There is no jobs running in the clusters yet, since this exception ocurred during the database start.

Any ideas?
Voltdb 4.2 Enterprise

Regards,

Bernardo
nshi
May 1, 2014
Hi Bernardo,

The exceptions you showed were from the VoltDB Enterprise Manager (VEM). They indicate that the VEM cannot connect to the VoltDB server located at 10.0.1.202, possibly because of firewall settings or other network related issues. By default, VEM tries to connect to port 9090 on the servers. Please make sure that the VEM node can access that port on the servers.

This error is not indicative of the health of the server process.
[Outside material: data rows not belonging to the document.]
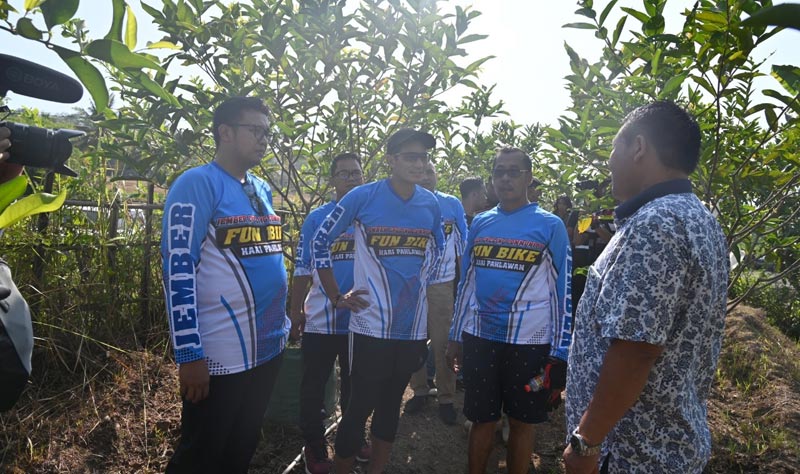 Sandiaga Uno saat mengunjungi kebun Jambu Air di kompleks De Setinggil, Kecamatan Patrang, Jember, di sela-sela kunjungannya.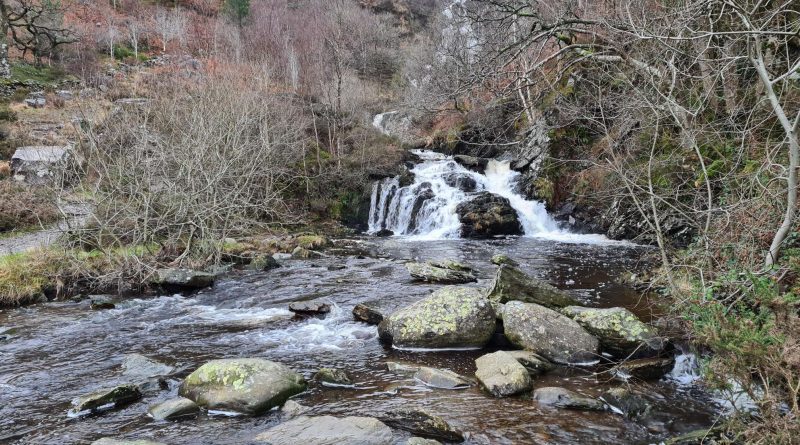 The image shows the full size of Rhiwargor Waterfall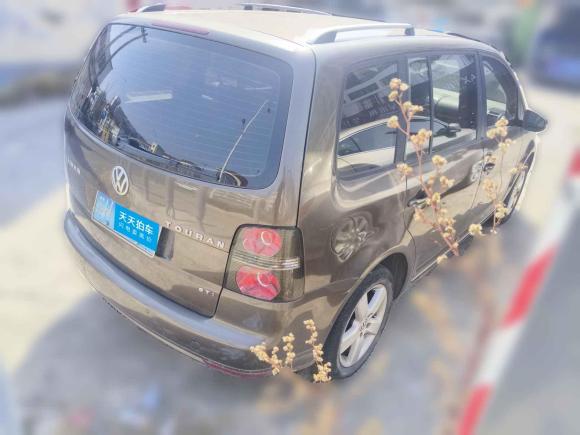 [上海·苏H] 二手大众途安2013款 1.4T DSG舒适版5座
They server may very well be up and running well. You can check by connecting to the server using a VoltDB client or visit 10.0.1.202:8080 in your browser. If you have changed the HTTP port of the VoltDB server, please use the port number instead of 8080, which is the default.
Bernardo
May 2, 2014
Hi Ning,

Now I believe I missed the point.
Isn`t the Enterprise Manager Server responsible for executing the catalog and starting the processes (like JMX) in the cluster nodes?
So when the database is created in the leader node, should not it do the rest of the job for the clusters (like executing the jar and starting JMX for remote monitoring by VEM)?

Regards,

Bernardo
nshi
May 2, 2014
Hi Bernardo,

When you start a database in VEM, it will launch the VoltDB processes on all the cluster nodes. The servers will load the catalog and set up JMX automatically.
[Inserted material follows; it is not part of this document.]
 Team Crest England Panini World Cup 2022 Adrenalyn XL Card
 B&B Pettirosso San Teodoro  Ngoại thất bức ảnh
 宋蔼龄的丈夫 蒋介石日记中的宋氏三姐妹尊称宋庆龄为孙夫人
In your previous reply, you mentioned that VEM warned about older version of Java on the cluster machines. That would prevent VEM from starting the VoltDB servers. If you have newer version of Java installed on those machines, you can set the JAVA_HOME environment variable to point to the newer version on the cluster machines. VEM will then start the servers using that version of Java. For example, if VEM uses your user account to SSH into the cluster nodes, you can export JAVA_HOME in your .bash_profile.